There is more than one reason for my reluctance. Most compelling is my great incompetence at choosing topics. For instance, I have a fascination for wishing wells, those mock wells that folks put in their front yards. I don’t claim that they are pretty, and their relevance to gardening is at best marginal. But there are so many and so many different shapes and sizes, both hand made and store-bought (what store, I wonder). Surely, I tell myself, Master Gardeners would relish a show of my slide collection.
In this same category, I put those front yards covered with do-dads: statuettes, flags, toys (such as wagons or tricycles), perhaps signs (personal or religious), junk sculpture. The list could be much longer. As with wishing wells, please don’t ask me to explain my fascination. Yet—even while knowing better—I’m convinced a room full of Master Gardeners could immediately share my addiction.
But an even more serious problem arises if I were forced to find a speaker. Naturally, the chosen person must be one who would do the job right, who would beforehand have checked out her or his electronic equipment, carefully testing all for focus and good sound. This person must also speak like Demosthenes, or at least have eliminated all “uhs” from the delivery and must use an appropriate transition for each change of direction, not using the word “so,” for instance, between all steps or subjects.
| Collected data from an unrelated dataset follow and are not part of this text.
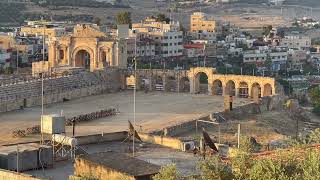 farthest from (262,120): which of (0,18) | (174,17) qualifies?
(174,17)

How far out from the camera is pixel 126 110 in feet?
190

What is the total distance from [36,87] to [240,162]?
40.9 metres

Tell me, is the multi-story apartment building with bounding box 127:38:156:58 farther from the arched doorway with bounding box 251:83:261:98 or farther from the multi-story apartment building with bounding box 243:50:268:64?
the arched doorway with bounding box 251:83:261:98

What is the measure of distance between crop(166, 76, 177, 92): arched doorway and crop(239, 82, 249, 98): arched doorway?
6137 mm

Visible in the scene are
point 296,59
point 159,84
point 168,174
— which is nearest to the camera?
point 168,174

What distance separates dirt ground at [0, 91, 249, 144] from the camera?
165ft

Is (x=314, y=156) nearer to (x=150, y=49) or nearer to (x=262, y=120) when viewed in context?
(x=262, y=120)

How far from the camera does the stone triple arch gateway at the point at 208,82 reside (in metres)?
67.4

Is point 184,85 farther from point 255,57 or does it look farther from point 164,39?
point 255,57

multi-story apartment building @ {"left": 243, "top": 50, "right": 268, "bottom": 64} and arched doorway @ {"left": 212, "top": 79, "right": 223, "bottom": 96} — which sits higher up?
multi-story apartment building @ {"left": 243, "top": 50, "right": 268, "bottom": 64}

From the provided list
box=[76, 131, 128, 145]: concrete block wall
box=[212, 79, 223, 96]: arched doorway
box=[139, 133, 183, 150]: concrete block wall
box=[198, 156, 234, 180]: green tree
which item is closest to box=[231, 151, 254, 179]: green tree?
box=[198, 156, 234, 180]: green tree

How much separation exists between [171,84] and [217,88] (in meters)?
4.25

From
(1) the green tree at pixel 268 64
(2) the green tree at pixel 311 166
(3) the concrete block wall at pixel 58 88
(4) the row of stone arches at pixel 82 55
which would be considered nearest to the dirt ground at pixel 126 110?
(3) the concrete block wall at pixel 58 88

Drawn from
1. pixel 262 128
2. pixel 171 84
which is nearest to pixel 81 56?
pixel 171 84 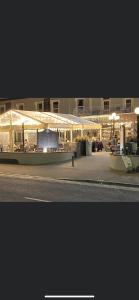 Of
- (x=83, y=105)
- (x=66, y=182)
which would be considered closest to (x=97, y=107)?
(x=83, y=105)

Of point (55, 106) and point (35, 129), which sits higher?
point (55, 106)

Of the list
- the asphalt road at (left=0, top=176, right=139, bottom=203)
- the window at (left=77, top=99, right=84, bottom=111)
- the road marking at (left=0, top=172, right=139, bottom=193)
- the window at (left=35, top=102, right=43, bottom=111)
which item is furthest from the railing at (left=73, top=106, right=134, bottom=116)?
the asphalt road at (left=0, top=176, right=139, bottom=203)

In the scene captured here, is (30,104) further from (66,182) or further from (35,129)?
(66,182)

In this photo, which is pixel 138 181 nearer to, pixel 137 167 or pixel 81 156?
pixel 137 167

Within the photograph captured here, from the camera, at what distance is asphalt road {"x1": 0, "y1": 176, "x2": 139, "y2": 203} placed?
10.3 m

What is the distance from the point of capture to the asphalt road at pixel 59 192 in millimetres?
10289

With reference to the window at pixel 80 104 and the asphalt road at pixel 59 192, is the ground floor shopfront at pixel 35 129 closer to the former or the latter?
the asphalt road at pixel 59 192

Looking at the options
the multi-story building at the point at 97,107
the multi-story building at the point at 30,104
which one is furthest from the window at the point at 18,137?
the multi-story building at the point at 30,104

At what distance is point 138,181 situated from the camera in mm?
13516

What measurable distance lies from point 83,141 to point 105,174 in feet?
32.8

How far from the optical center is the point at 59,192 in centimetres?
1165

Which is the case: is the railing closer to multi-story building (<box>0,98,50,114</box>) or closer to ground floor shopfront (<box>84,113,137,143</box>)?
ground floor shopfront (<box>84,113,137,143</box>)

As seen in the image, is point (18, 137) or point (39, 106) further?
point (39, 106)

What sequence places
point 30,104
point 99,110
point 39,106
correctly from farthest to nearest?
point 30,104
point 39,106
point 99,110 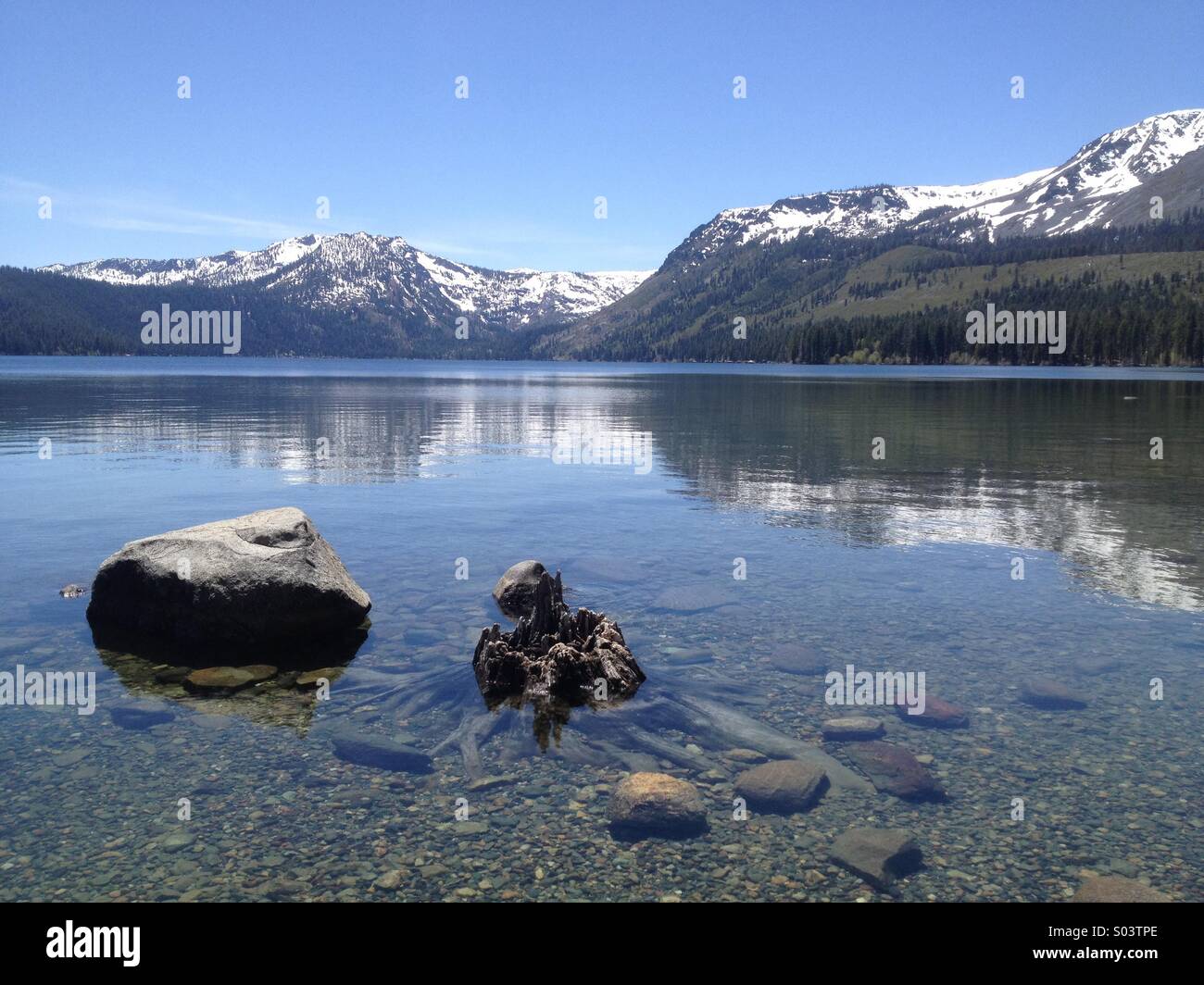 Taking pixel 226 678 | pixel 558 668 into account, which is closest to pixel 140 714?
pixel 226 678

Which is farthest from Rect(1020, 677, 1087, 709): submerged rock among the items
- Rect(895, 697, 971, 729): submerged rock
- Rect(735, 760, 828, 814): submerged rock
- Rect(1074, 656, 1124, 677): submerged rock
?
Rect(735, 760, 828, 814): submerged rock

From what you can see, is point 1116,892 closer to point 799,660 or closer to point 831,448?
point 799,660

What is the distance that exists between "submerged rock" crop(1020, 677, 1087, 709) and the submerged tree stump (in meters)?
Answer: 6.59

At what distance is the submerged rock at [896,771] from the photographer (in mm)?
11023

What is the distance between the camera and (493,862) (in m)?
9.48

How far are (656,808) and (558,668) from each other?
451cm

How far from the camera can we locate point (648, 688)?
14.5 metres

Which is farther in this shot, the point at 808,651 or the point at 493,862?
the point at 808,651

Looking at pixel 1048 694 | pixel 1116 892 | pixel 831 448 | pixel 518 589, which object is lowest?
pixel 1116 892

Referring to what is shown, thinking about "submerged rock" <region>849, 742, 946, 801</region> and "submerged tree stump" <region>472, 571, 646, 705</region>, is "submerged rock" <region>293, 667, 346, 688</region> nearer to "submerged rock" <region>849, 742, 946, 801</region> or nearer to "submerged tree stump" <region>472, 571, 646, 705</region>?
"submerged tree stump" <region>472, 571, 646, 705</region>

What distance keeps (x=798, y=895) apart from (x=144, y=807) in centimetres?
806
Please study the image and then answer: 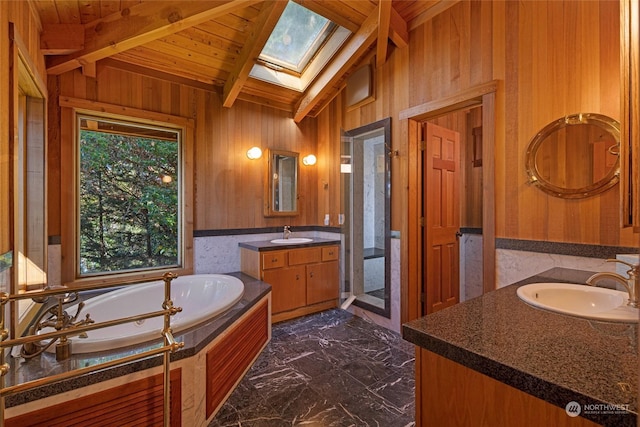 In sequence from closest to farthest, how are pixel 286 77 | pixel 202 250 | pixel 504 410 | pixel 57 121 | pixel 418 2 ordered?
pixel 504 410
pixel 57 121
pixel 418 2
pixel 202 250
pixel 286 77

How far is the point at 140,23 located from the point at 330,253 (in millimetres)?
2785

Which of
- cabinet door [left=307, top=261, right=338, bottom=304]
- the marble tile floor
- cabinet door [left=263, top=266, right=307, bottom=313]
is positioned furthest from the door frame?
cabinet door [left=263, top=266, right=307, bottom=313]

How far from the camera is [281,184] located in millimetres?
3828

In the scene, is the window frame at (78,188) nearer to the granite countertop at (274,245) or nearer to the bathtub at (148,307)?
the bathtub at (148,307)

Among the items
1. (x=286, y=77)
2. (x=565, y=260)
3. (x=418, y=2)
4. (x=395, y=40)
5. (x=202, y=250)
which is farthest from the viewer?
(x=286, y=77)

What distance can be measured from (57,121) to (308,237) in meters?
2.81

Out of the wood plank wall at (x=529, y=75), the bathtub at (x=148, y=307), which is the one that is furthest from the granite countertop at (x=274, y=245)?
the wood plank wall at (x=529, y=75)

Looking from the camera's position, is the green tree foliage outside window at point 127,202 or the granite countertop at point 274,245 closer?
the green tree foliage outside window at point 127,202

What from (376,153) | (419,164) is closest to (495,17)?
(419,164)

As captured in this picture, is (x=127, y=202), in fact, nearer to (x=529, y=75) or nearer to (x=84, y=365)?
(x=84, y=365)

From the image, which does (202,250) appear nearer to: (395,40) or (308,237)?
(308,237)

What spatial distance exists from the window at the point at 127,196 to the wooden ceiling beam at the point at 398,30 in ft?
7.79

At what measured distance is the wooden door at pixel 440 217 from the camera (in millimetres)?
2947

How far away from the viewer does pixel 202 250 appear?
320cm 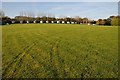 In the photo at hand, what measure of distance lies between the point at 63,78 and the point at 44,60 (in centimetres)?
324

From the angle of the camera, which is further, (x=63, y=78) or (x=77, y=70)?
(x=77, y=70)

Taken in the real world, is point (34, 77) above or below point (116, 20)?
below

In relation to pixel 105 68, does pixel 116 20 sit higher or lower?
higher

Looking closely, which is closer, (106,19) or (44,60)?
(44,60)

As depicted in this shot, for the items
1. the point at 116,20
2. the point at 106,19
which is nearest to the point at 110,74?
the point at 116,20

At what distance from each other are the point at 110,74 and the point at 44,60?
3.66m

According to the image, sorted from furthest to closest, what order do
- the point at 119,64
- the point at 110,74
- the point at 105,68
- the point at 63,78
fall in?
the point at 119,64 < the point at 105,68 < the point at 110,74 < the point at 63,78

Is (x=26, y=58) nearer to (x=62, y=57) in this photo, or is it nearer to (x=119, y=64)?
(x=62, y=57)

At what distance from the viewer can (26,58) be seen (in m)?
11.3

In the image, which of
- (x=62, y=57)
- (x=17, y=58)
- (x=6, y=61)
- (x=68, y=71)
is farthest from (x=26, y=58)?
(x=68, y=71)

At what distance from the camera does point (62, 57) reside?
11.4 meters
Other universal standards of public speaking would also apply. Oh, and sound knowledge of the subject is also somewhat desirable. But where is this person, and how would I find her or him?
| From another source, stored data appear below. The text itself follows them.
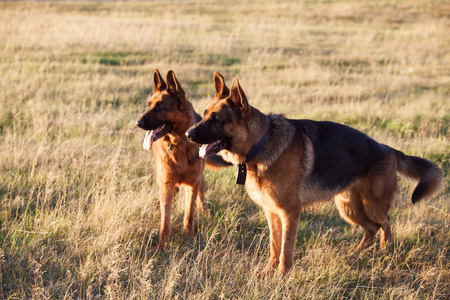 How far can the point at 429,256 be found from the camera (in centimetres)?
404

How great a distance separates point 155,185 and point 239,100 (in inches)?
88.0

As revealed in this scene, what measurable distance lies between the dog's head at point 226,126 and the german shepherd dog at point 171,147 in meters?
0.84

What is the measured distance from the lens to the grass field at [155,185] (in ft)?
11.1

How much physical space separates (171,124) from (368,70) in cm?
1050

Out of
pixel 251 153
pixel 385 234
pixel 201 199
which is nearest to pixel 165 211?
pixel 201 199

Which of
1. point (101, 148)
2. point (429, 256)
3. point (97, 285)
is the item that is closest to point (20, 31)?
point (101, 148)

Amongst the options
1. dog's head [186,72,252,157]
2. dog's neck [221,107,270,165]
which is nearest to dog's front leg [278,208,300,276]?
dog's neck [221,107,270,165]

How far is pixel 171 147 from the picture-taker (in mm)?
4203

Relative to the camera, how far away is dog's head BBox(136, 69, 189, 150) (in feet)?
13.3

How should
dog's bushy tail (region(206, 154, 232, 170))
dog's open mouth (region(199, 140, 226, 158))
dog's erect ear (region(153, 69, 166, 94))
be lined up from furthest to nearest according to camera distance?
dog's bushy tail (region(206, 154, 232, 170))
dog's erect ear (region(153, 69, 166, 94))
dog's open mouth (region(199, 140, 226, 158))

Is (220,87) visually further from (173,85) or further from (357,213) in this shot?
(357,213)

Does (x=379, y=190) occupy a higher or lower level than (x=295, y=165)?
lower

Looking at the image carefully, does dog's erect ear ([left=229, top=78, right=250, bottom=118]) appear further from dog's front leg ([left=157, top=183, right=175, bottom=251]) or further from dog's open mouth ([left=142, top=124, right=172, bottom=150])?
dog's front leg ([left=157, top=183, right=175, bottom=251])

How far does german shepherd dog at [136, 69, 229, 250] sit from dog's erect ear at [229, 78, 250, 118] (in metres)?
1.06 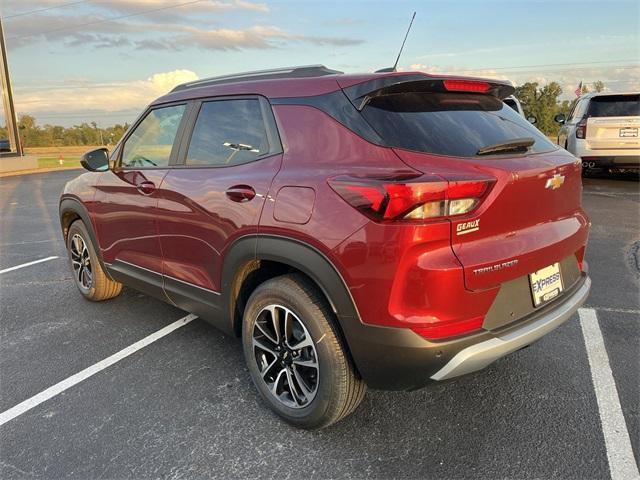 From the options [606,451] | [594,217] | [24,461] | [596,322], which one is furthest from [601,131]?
[24,461]

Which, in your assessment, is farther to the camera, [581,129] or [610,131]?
[581,129]

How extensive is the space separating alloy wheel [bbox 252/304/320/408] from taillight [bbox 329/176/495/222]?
28.2 inches

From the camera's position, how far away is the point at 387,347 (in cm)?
215

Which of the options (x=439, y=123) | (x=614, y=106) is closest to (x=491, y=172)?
(x=439, y=123)

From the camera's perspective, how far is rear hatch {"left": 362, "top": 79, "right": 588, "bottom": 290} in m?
2.14

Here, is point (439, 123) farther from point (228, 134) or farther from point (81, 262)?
point (81, 262)

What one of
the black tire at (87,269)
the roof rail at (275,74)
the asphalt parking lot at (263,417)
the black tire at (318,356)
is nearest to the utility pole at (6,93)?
the black tire at (87,269)

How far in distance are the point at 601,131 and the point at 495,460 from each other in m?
9.07

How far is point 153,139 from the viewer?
11.6 ft

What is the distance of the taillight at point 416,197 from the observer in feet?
6.66

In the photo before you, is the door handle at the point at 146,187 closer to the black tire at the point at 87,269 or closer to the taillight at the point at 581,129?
the black tire at the point at 87,269

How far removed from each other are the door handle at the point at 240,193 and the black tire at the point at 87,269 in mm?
2052

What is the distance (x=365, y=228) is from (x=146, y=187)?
1.90 meters

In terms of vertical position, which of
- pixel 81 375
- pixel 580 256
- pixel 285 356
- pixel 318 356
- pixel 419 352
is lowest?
pixel 81 375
An apparently easy solution would be to attend as many gardening talks or classes as one possibly could. That would require frequent trips, far and wide—to Richmond, perhaps, or at best, Roanoke. I’ve attended Master Gardener College a number of times and can’t remember any poor classes or speakers. Ah! You say. A solution! Only, however, if our unit can afford published authors or experts from large universities.
Rely, then, on members of our own unit or persuade faculty from VMI or Washington and Lee. Well, Ok. But who are these talented and willing speakers? And how would I know of their speaking ability? No, I’d be forced to show my fascinating slides of wells or junk. Therefore, look for somebody else—not me—to plan a convenient means of fulfilling our educational requirement.